*WHAT NEEDS TO BE DONE*.
Transcribe the listing below verbatim, omitting pictures.

*DATASET EXTRACT*.
____

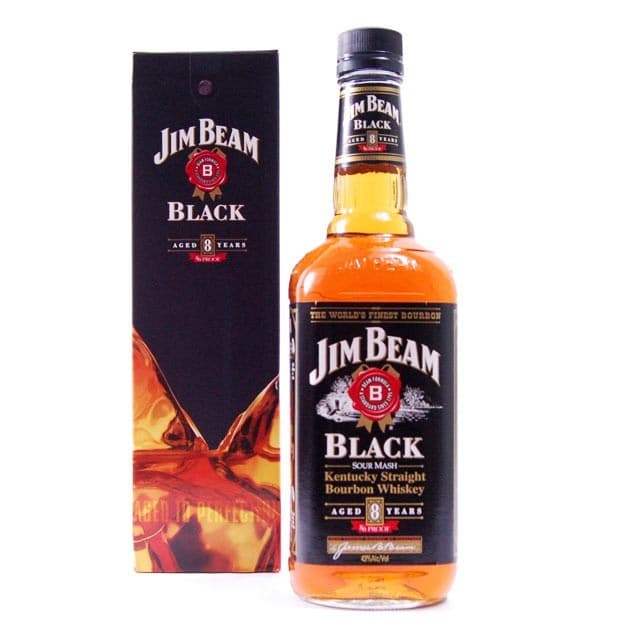 Jim Beam Black Bourbon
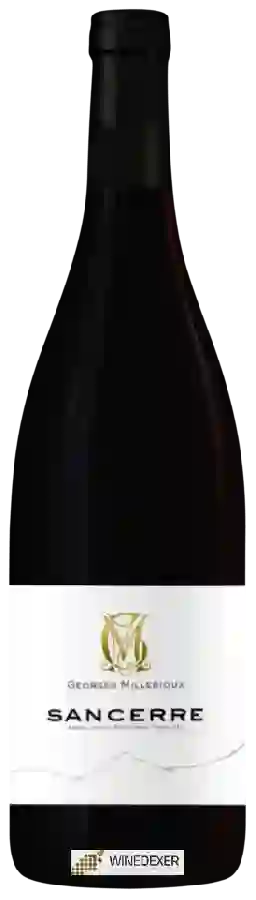 Winery Georges Millerioux & Fils - Sancerre Rouge Winery Georges Millerioux & Fils - Sancerre Rouge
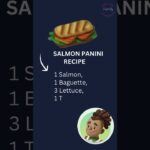 Weekly Competition: Salmon Panini – Common Ground World #galagames #gamechain #nft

____

*RESPONSE AREA*.
 Jim Beam Black Bourbon
 Winery Georges Millerioux & Fils - Sancerre Rouge Winery Georges Millerioux & Fils - Sancerre Rouge
 Weekly Competition: Salmon Panini – Common Ground World #galagames #gamechain #nft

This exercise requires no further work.